** RECORDS FOR THE TASK follows **
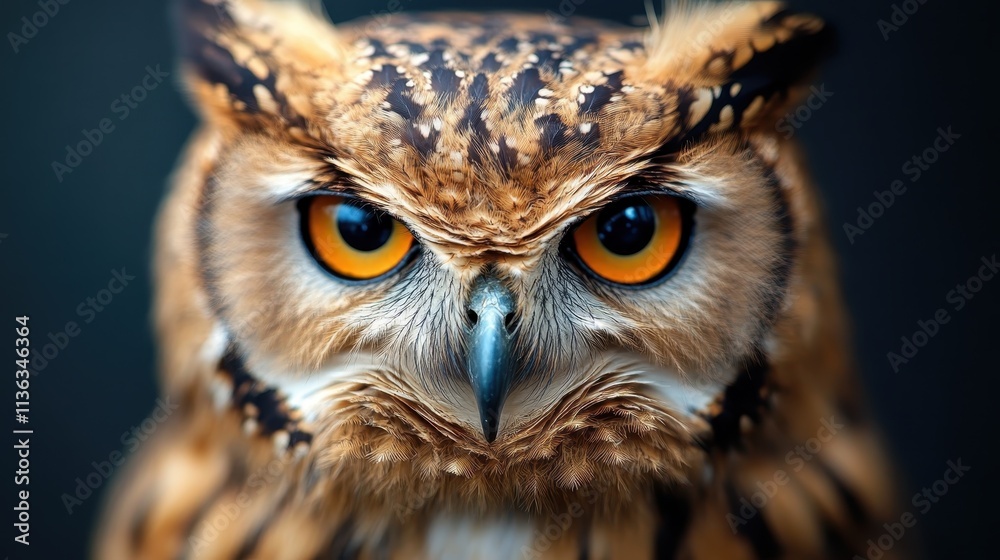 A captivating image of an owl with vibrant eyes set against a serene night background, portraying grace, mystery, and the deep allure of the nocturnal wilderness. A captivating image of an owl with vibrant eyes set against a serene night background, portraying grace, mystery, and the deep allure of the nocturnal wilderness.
** End of RECORDS FOR THE TASK **
** RECORDS FOR THE TASK follows **
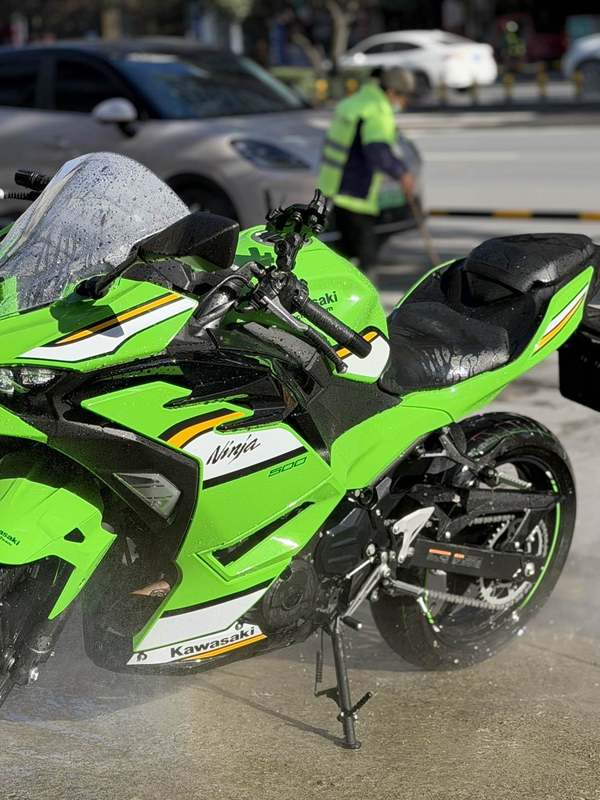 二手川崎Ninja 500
** End of RECORDS FOR THE TASK **
** RECORDS FOR THE TASK follows **
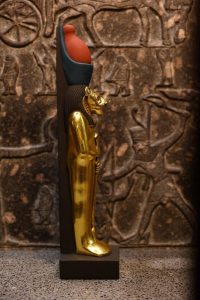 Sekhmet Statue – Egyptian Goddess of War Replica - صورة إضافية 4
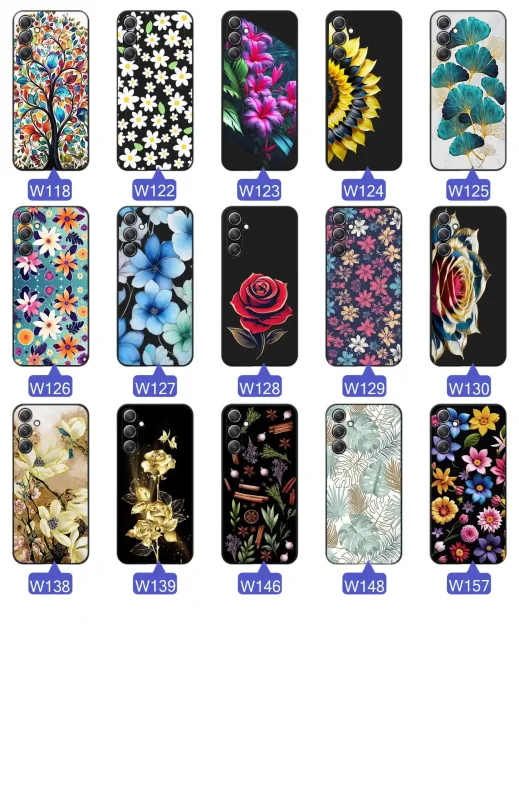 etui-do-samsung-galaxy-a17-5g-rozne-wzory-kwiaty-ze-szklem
** End of RECORDS FOR THE TASK **
*WORK TO COMPLETE*: Output exactly the lines of the listing above that start with the one holding "Sekhmet Statue –" and go on through the one holding "etui-do-samsung-galaxy-a17-5g-rozne-wzory-kwiaty-ze-szklem"; leave the pictures out.

*YOUR RESPONSE*:
 Sekhmet Statue – Egyptian Goddess of War Replica - صورة إضافية 4
 etui-do-samsung-galaxy-a17-5g-rozne-wzory-kwiaty-ze-szklem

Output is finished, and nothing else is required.